O policial conta que os soldados que perdem seus fuzis, durante confrontos ou não, são punidos com a morte. Perder uma arma pesada só é admitido quando se morre em tiroteio ou se é preso.

- É a lei do cão - conclui o policial.

Eles têm uma necessidade deste tipo de afirmação

Talvane de Moraes

Trata-se de um grande contraponto o que assistimos hoje nas favelas. Isso acontece à medida em que o Estado está totalmente ausente como mediador de conflitos e como agente social, função essa preenchida pelos traficantes.

Eles têm essa necessidade de afirmação através da violência. Na mente deles, isso faz parte da manutenção do poder. Na cultura deformada desses criminosos, essa manutenção se faz pela violência permanente.

Entre eles, matam-se aqueles que estão em posições de menor escalão. Os chefes começam a se sentir ameaçados e temem a ascensão dos mais jovens, que fatalmente subirão de posto, passando de vapor para olheiro, soldado e daí por diante. E é natural que queiram ambicionar o poder. O chefe, então, simplesmente manda liqüidá-los.

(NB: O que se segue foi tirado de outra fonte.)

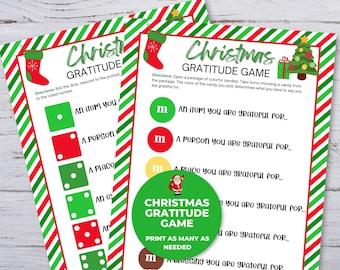 Christmas Gratitude Game, Christmas Party Game Printable, Candy Game dealing with Dice, Christmas Party Game, Holiday Games for Kids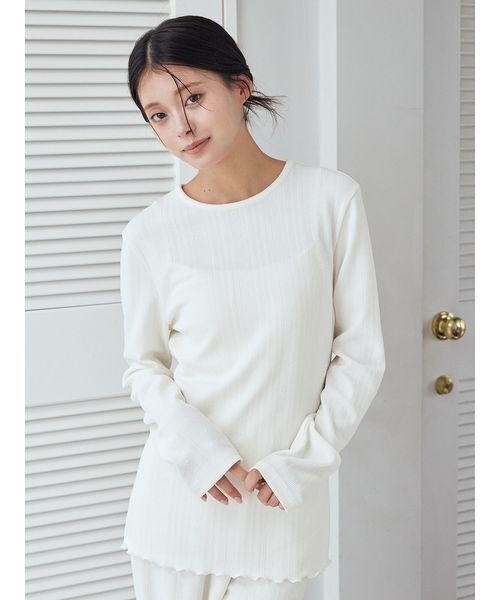 ハートふくれジャガードロンT（ルームウェア/パジャマ）｜gelato pique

É a barbárie total. Manter o poder pela força. Se o chefe desconfia que está sendo ameaçado ou que alguém está pisando na bola, ordena um julgamento sumário. Este julgamento exerce um duplo papel: o de suplementar o exercício do poder e o de ascender sobre os outros integrantes de seu grupo pela força. Como quem diz "Não façam nada comigo porque eu mato".

Na sociedade tradicional, sofremos as sanções previstas pelo Código Penal. Lá, o julgamento é sumário.